Conclusion : L’auteur résume tout d’abord les 300 pages précédentes de façon très efficace (ce texte ferait un excellent billet pour présenter le contenu de ce livre!), puis se demande si l’être humain réagira à temps. «(…) il va falloir réapprendre à bouger pour vivre et non plus vivre pour bouger».
«Il est grand temps qu’il [l’être humain] retrouve sa boussole et un cap vraisemblable, sinon frugal, dans un contexte où couve un conflit de générations entre une jeunesse voyant poindre un cataclysme écologique (et économique) qu’elle subira de plein fouet et dont elle se sent peu responsable, et une classe d’âge mûr soucieuse de maintenir pendant une ou deux décennies l’emballement du système, refusant de sacrifier son mode de vie sans cesse plus mobile pour des bénéfices supposés qu’elle ne connaîtra que très peu de son vivant. (…) Le temps presse. Vite, changeons d’air!»
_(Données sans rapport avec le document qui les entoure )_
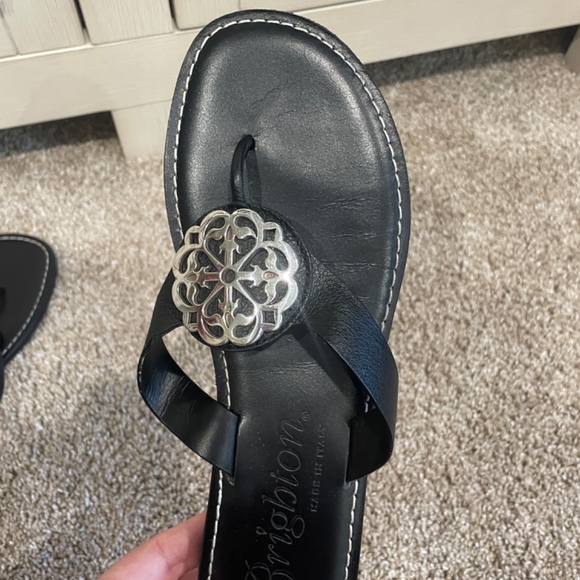 Brighton Alice black leather medallion sandals 9. MSRP $205 - Picture 5 of 10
Annexe 1. Petit glossaire technique : Ce glossaire est regroupé par sujet et non présenté en ordre alphabétique. C’est pourquoi j’ai renoncé à consulter cette annexe quand le texte nous indiquait par une étoile un mot ou une expression définie dans ce glossaire.
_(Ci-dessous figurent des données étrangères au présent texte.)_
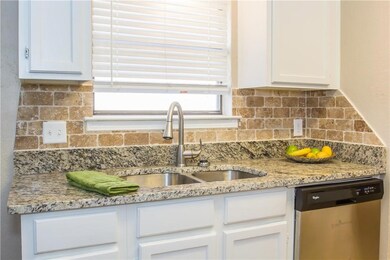 2405 Cranberry Ln, Euless, TX 76039 - photo 7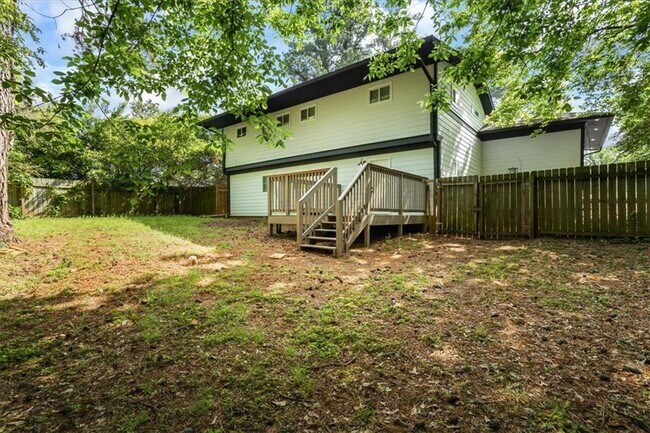 Building Photo - 2223 Columbia Dr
Annexe 2. La formidable porosité de l’échappement automobile : L’auteur présente dans cette deuxième annexe les moyens (la plupart techniques) pris par les fabricants pour contourner la réglementation sur la pollution et sur les émissions de particules fines et de GES, certains pas directement illégaux, mais d’autres carrément frauduleux. Je répète, le dieselgate de Volkswagen est loin d’être le premier et le seul cas! L’auteur en décrit au moins une douzaine, le premier datant du début du XXe siècle!
Et alors…
Lire ou ne pas lire? Lire! Ce livre est certainement le mieux documenté et le plus complet que j’ai lu sur ce sujet. S’il a un défaut, c’est justement que les descriptions sont tellement approfondies que j’en perdais parfois le fil (même si l’objet de ces descriptions demeurait clair). Par ailleurs, je reproche souvent à ce genre de livre l’absence de solutions pertinentes. Cela ne sera pas le cas ici. Son chapitre sur les solutions est réaliste, concret et bien défini. Je peux difficilement le critiquer, puisqu’il explicite parfaitement une recommandation que j’ai proposée dans un billet datant de 2010 (Rationner rationnellement). Alors que je ne faisais qu’esquisser le concept du rationnement rationnel, l’auteur le décrit en détail et le complète avec des propositions concrètes pour faire diminuer la pollution et les émissions de GES. Ne serait-ce que pour ce chapitre (le reste est aussi de bonne tenue), ce livre vaut le détour. On notera toutefois qu’il porte uniquement sur le transport, n’abordant pas les autres sources de pollution et d’émissions de GES (dont la plus importante, je le rappelle, est l’élevage). Ce n’est pas un défaut, simplement un constat.
Ce livre contient en plus 22 pages sur papier glacé de photos de véhicules présentés dans le texte et de visions futuristes qui glacent le sang! Finalement, les nombreuses notes sont heureusement en bas de page. J’ai d’autant plus apprécié cela qu’elles sont souvent essentielles à la compréhension du texte principal ou le complètent à tout le moins. Bravo!